Just hours before the Orinda couple were assaulted, the FBI released its annual state-by-state breakdown on crime, revealing that in 2015, California saw a 7.6 percent increase in violent acts from the previous year to 166,883, or 426.3 per 100,000 population.
That was 2 1/2 times the 3 percent national increase, the 13th highest of any state. Moreover, California’s overall violent crime rate is also the nation’s 13th highest. Our homicide rate increased by 8.5 percent, well over the 4.9 percent recorded nationally.
These disturbing data provide new grist for the state’s escalating debate over crime and punishment – particularly since three of the Nov. 8 ballot measures provide opportunities for voters to weigh in.
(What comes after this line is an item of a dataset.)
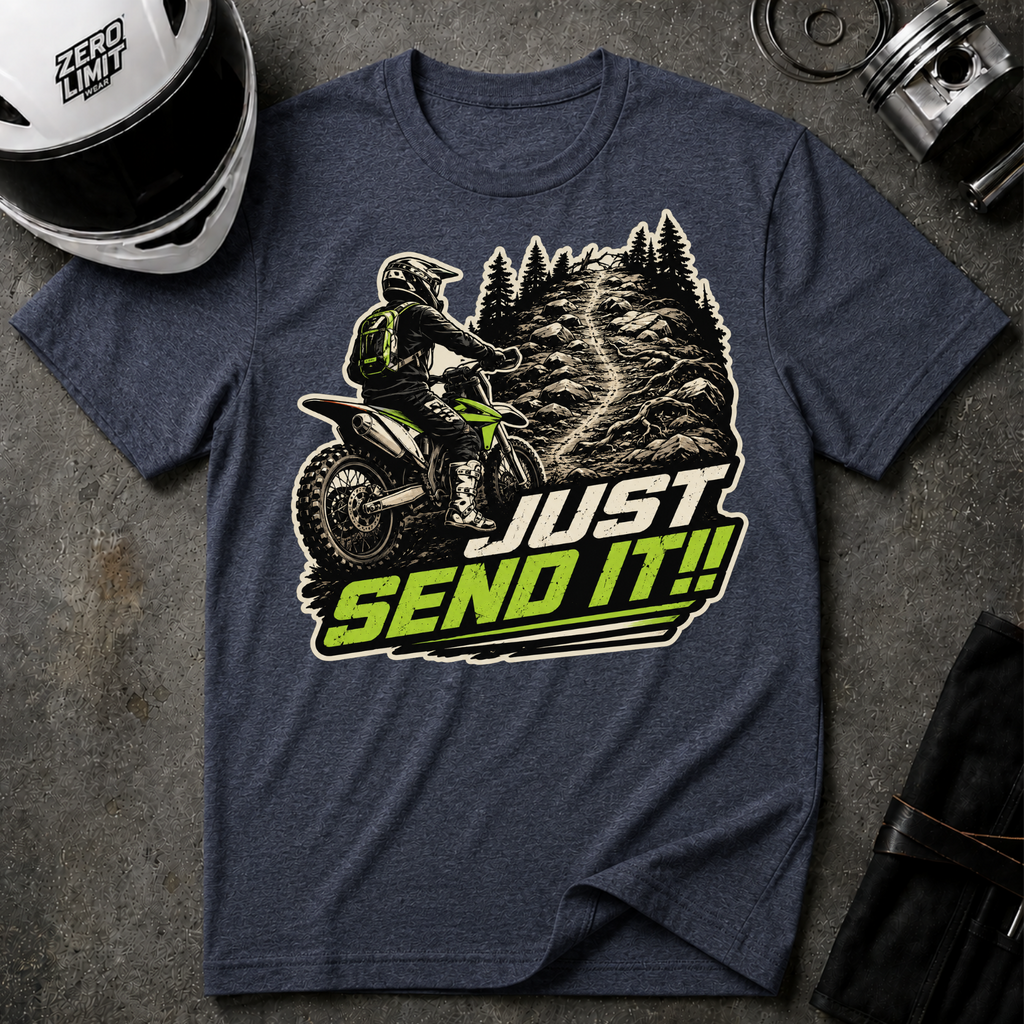 Just Send It T-Shirt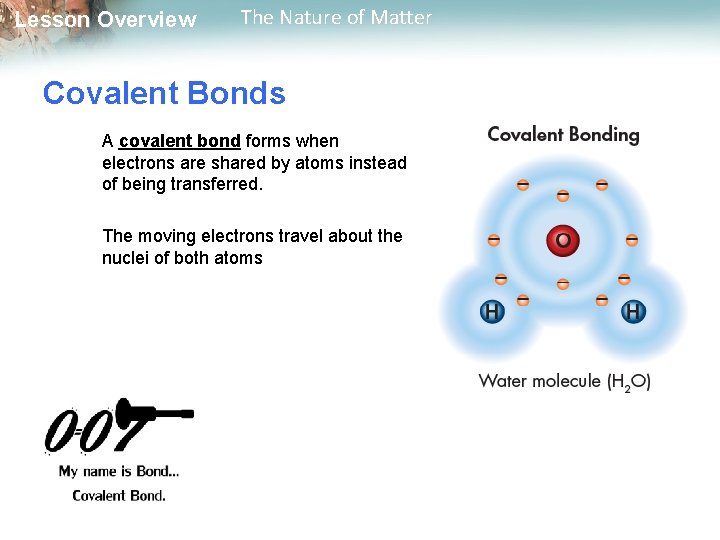 Lesson Overview The Nature of Matter Covalent Bonds A covalent bond forms when electrons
One, Proposition 62, would repeal the state’s death penalty. Another, Proposition 66, would go the other way, speeding up executions. And Gov. Jerry Brown’s Proposition 57 would make it easier for felons deemed nonviolent under a very narrow definition of violent crime to obtain parole, and allow the state to cut sentences of all felons for good behavior.
This year’s crop of crime-related measures follows Brown’s historic “realignment” that has sharply reduced the state’s prison population in response to federal court pressure, and Proposition 47, the 2014 ballot measure that reclassified six nonviolent crimes from felonies to misdemeanors.
Critics, mostly in the law enforcement field, have contended that realignment and Proposition 47 have sparked recent increases in crime, not only of the violent variety but also auto thefts, burglaries and other nonviolent crimes.
The liberal Center on Juvenile and Criminal Justice issued a report last month that sees “no correlation between rates of Proposition 47-related prison releases or jail population decreases and county crime.”
Almost simultaneously, the Public Policy Institute of California released a study of “California’s historic corrections reforms,” concluding they “did not lead to a broad increase in crime rates” but might have contributed to a rise in auto thefts.
The PPIC report suggests the recent uptick in crime might just be a single-year anomaly in an otherwise “long-term decline.”
Perhaps so, but when California’s crime rates, both violent and nonviolent, spike much higher than national trends, we should legitimately wonder whether releasing thousands of criminals who otherwise would have been behind bars is having a negative effect.
Orinda’s residents certainly must wonder.